## RAW DATA
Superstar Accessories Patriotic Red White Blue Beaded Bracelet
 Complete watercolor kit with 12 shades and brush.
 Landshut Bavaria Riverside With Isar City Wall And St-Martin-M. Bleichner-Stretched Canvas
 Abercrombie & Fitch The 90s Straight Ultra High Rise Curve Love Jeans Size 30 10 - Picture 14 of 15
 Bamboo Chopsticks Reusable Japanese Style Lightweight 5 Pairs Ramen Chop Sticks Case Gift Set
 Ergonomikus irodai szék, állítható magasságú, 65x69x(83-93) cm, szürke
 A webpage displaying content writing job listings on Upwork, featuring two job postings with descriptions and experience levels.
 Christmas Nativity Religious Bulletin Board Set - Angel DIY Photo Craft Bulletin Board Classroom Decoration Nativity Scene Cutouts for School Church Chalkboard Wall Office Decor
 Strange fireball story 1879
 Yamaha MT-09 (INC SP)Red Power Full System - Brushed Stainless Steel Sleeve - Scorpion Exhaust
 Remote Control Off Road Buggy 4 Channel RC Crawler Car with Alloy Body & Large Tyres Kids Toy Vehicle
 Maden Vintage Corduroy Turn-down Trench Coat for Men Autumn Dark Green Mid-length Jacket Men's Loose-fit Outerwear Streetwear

## PROMPT
Once you find the line containing "Christmas Nativity Religious", copy it and every line after it through the end of the records, exactly as they stand.

## RESPONSE AREA
 Christmas Nativity Religious Bulletin Board Set - Angel DIY Photo Craft Bulletin Board Classroom Decoration Nativity Scene Cutouts for School Church Chalkboard Wall Office Decor
 Strange fireball story 1879
 Yamaha MT-09 (INC SP)Red Power Full System - Brushed Stainless Steel Sleeve - Scorpion Exhaust
 Remote Control Off Road Buggy 4 Channel RC Crawler Car with Alloy Body & Large Tyres Kids Toy Vehicle
 Maden Vintage Corduroy Turn-down Trench Coat for Men Autumn Dark Green Mid-length Jacket Men's Loose-fit Outerwear Streetwear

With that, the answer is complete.